The 10x cost multiple for integrating instrumentation and control systems to collect this type of data is slowing down the adoption of PAT in the pharma industry, said Brandl.
OPC UA paves the way for providing and communicating data in a standard interface. Integrating OPC-certified components would "cut Pfizer's time to integrate devices by a significant chunk," said Brandl. "Instead of integration being 10 times the cost of the devices, it night only be one or two times the cost."
End user perspective: Why certification matters
Speaking from the perspective of automation end users like Pfizer, Brandl said "We want to have assurances in place that the pieces that are supposed to work together actually work together. Before now, there was no independent way to make sure vendors implemented the OPC UA standard in the same way. That meant there was a lot of integration effort on the end user side" to iron out interoperability problems.
The advantage of OPC's certification lab is that "If [a product] passes the test, we have a strong assurance of interoperability, and we don't have to worry" about spending time getting devices to work with one another.

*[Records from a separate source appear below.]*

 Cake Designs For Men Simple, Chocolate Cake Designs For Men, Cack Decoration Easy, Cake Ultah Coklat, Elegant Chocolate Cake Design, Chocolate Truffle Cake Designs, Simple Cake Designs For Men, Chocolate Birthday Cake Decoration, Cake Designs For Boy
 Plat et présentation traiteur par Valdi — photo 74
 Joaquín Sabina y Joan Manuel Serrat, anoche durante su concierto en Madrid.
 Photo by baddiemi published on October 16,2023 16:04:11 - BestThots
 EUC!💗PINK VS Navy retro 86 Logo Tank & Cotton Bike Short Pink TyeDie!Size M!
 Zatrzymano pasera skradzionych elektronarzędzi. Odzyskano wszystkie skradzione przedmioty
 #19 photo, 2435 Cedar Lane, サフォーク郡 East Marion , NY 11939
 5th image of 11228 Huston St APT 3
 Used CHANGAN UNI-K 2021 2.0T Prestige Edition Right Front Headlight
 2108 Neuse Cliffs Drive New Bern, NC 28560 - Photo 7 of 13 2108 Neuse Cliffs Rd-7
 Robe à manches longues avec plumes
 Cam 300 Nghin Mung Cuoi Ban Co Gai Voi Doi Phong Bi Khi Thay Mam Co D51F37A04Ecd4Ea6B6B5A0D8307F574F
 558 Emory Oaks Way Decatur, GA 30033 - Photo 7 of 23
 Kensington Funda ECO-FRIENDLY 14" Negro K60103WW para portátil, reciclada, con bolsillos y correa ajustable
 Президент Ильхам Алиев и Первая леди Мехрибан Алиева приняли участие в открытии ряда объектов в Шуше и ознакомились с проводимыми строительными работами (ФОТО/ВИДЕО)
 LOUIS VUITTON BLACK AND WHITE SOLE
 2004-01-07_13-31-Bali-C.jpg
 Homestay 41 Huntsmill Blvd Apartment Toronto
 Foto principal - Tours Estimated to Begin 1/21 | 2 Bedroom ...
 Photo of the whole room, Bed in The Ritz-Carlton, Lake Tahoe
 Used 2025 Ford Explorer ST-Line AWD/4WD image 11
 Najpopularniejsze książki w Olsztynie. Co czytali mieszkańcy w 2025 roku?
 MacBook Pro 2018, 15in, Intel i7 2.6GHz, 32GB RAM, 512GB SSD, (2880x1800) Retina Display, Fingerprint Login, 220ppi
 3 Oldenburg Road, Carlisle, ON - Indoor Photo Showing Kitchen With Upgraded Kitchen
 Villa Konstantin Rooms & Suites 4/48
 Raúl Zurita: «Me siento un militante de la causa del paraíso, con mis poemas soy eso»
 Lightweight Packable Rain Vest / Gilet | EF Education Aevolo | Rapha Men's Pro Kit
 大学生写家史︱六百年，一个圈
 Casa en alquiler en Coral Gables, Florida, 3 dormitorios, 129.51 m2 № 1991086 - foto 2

Will certification become a purchasing driver? "I think it will as certification becomes much more common," said Brandl. "Once you get a critical mass, say 10% to 15% of vendors certified, there will be strong pressure on everyone else, it will become a stopping point" for purchasing a given product that lacks OPC certification.
"If you don't have it you may not be able to get the jobs," said Brandl.
"[Certification] is something that has been needed," Brandl added, "and I'm really glad to see OPC Foundation is taking the time and effort to make sure things that are supposed to work together actually work together."